Discretization of Continuous-Valued Attributes and
Ting, Kai Ming
Basser Department of Computer Science
University of Sydney, NSW 2006, Australia
E-mail: [email protected]
Technical Report No.491
Recent work on discretization of continuous-valued attributes in learning decision trees has produced some positive results. This paper adopts the idea of discretization of continuous-valued attributes and applies it to instance-based learning (Aha, 1990; Aha, Kibler & Albert, 1991).
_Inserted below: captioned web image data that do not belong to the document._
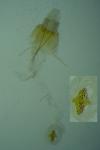 Agnoea josephinae
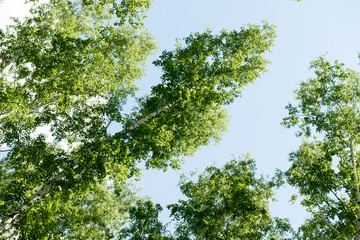 Birch forest in summer view from below into the sky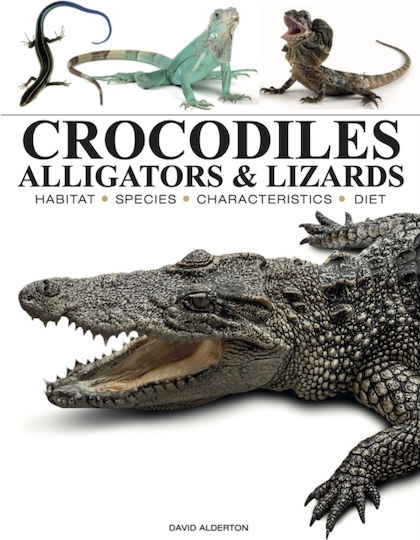 Crocodiles, Alligators & Lizards - Amber Books Ltd - Paperback / Softback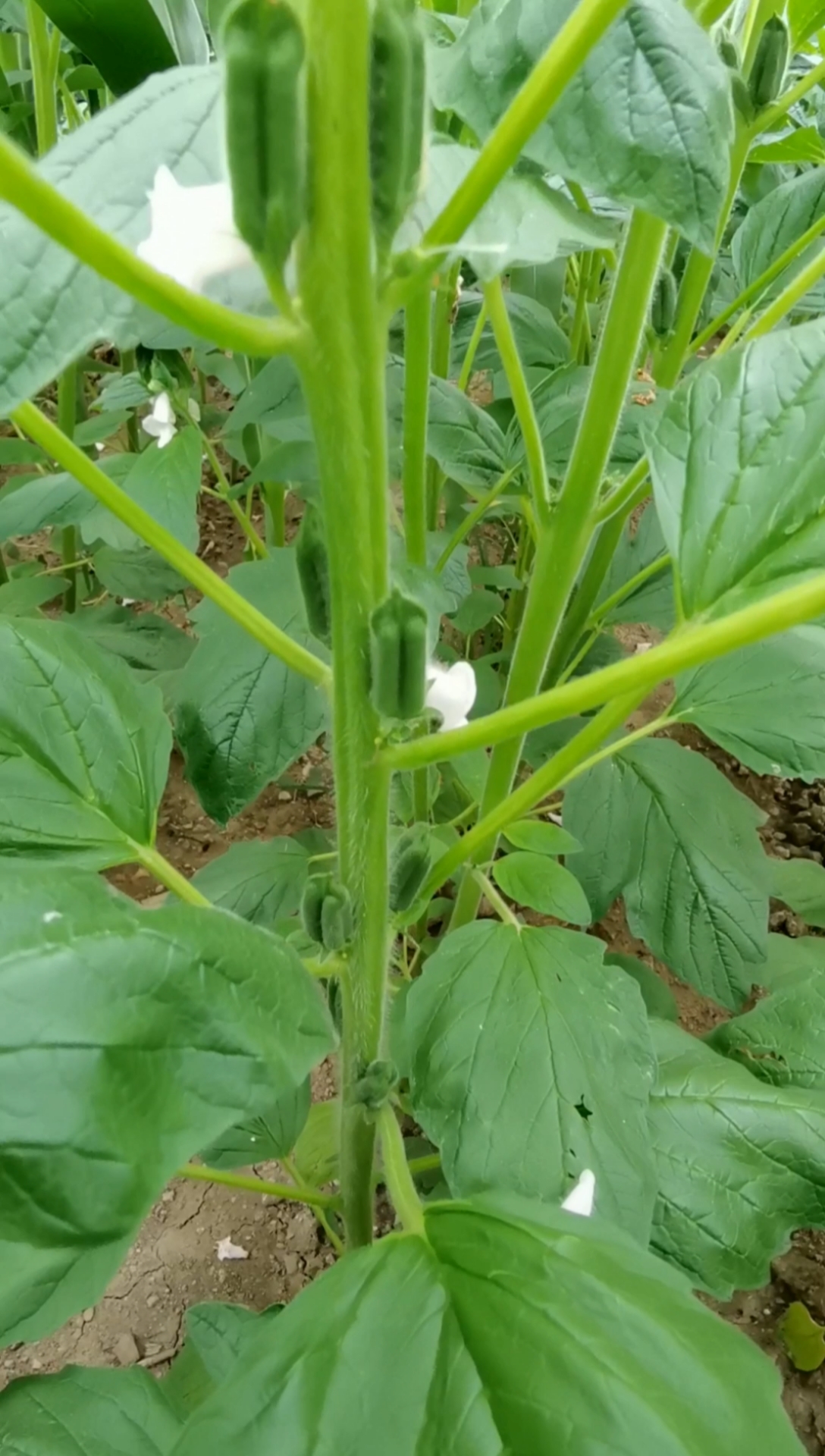 芝麻开花节节高凉拌芝麻叶吃个绿的老家河南家乡味道焦作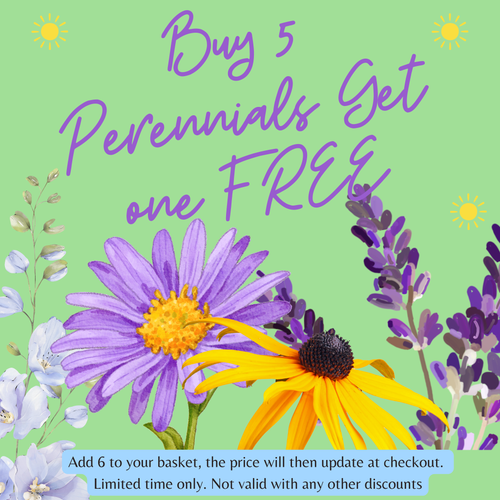 https://images.avasam.com/?w=500&url=https://avasamnew.s3.amazonaws.com/live//perennials_offer_pic.png
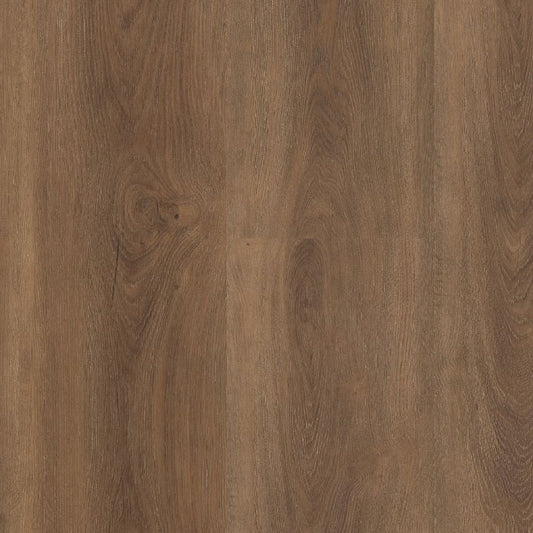 Ambiant Robusto click SRC warm brown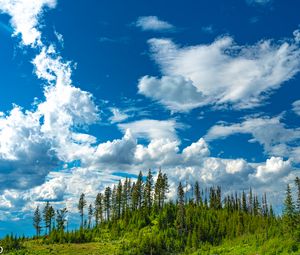 Preview wallpaper hill, trees, clouds, nature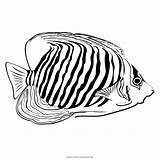 Pesce Tropicale Ultracoloringpages Fisch Tropischer Färbung Stampare sketch template
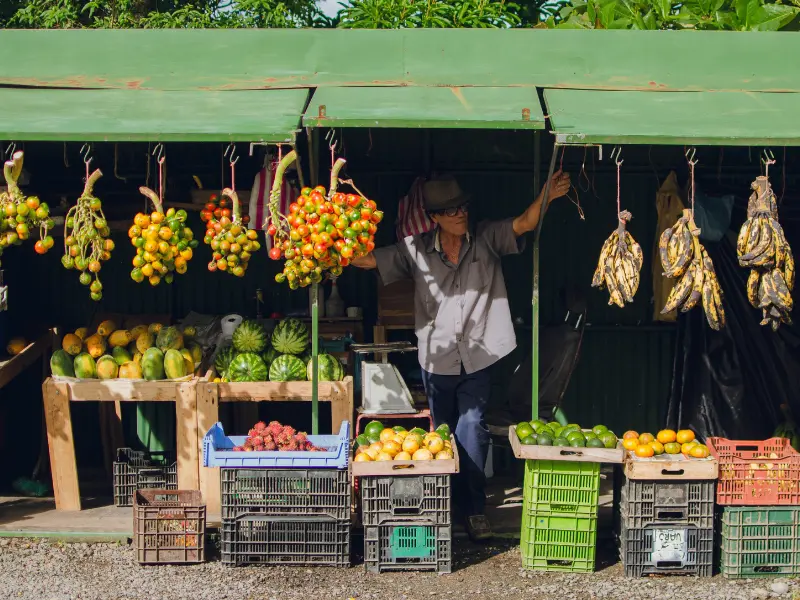Local vendor selling bananas and fresh produce at a family-friendly Costa Rica fruit market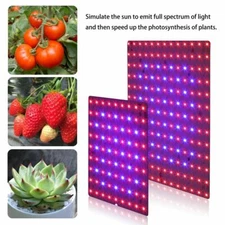 81/169LED Full Spectrum Plant UV Grow Light Veg Lamp For Indoor Hydroponic Plant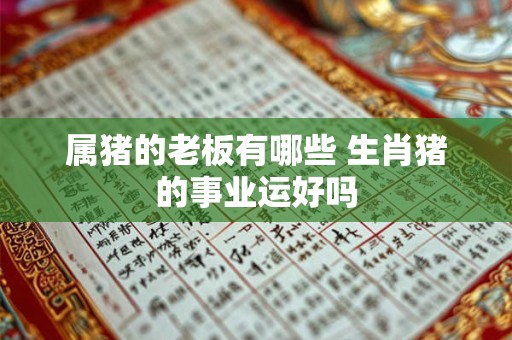 属猪的老板有哪些 生肖猪的事业运好吗
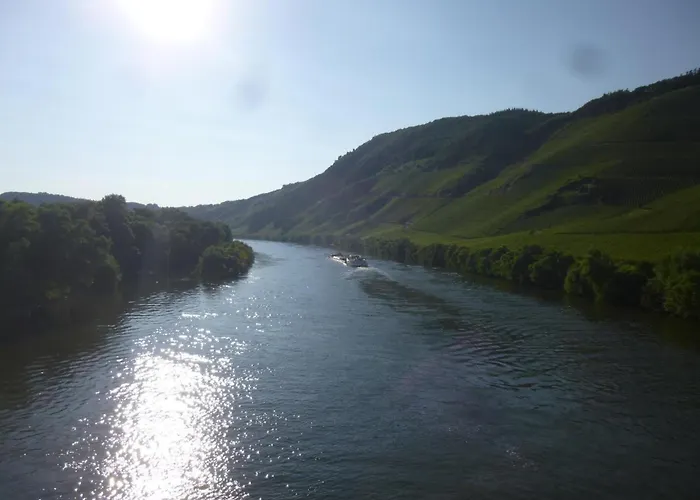 Appartement Traum-fewo Mosel-panoramablick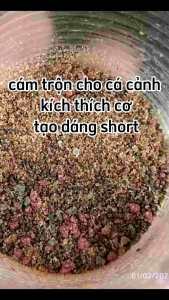 10g cám trộn cho cá cảnh tạo dáng short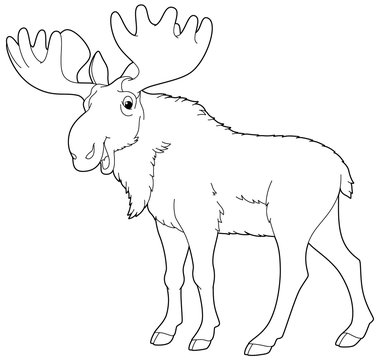 Cartoon scene of wild animal - coloring page - moose - illustration for children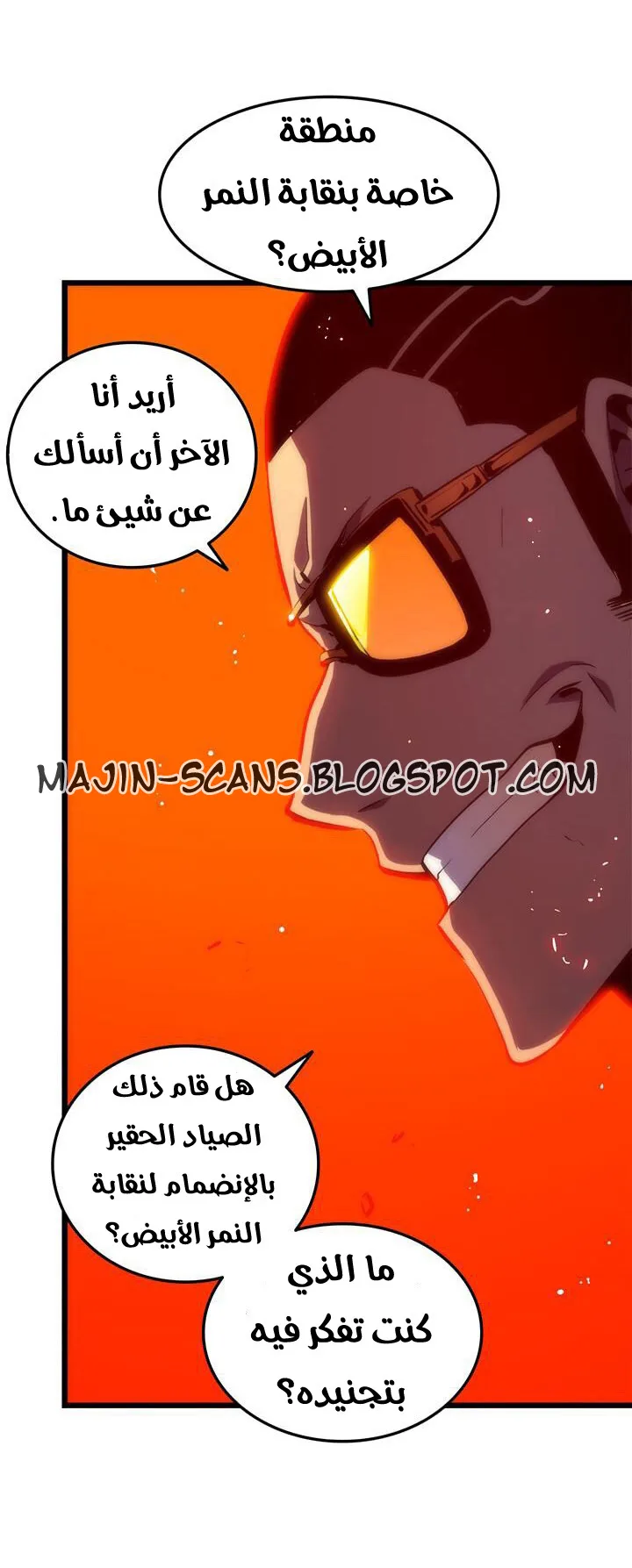 الصفحة 29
Our experiments have shown that instance-based learning (IBL) usually performs well in continuous-valued attribute domains and poorly in nominal attribute domains. Cost and Salzberg (1993) have devised the modified value-difference metric (MVDM) that raises the performance of IBL in nominal attribute domains.
This paper explores a way in which continuous-valued attributes and nominal attributes can be treated cohesively in IBL. An algorithm which combines the discretization of continuous-valued attributes and IB1 (Aha, Kibler & Albert, 1991) using the modified value-difference metric is introduced. The empirical results show that the proposed algorithm, IB1-MVDM* achieves a substantial improvement over C4.5 (Quinlan, 1993), IB1 and IB1-MVDM in most of the domains tested. A performance comparison is also made with a naive Bayesian learner (Cestnik, 1990).
Keywords: Instance-based learning, Bayesian learning.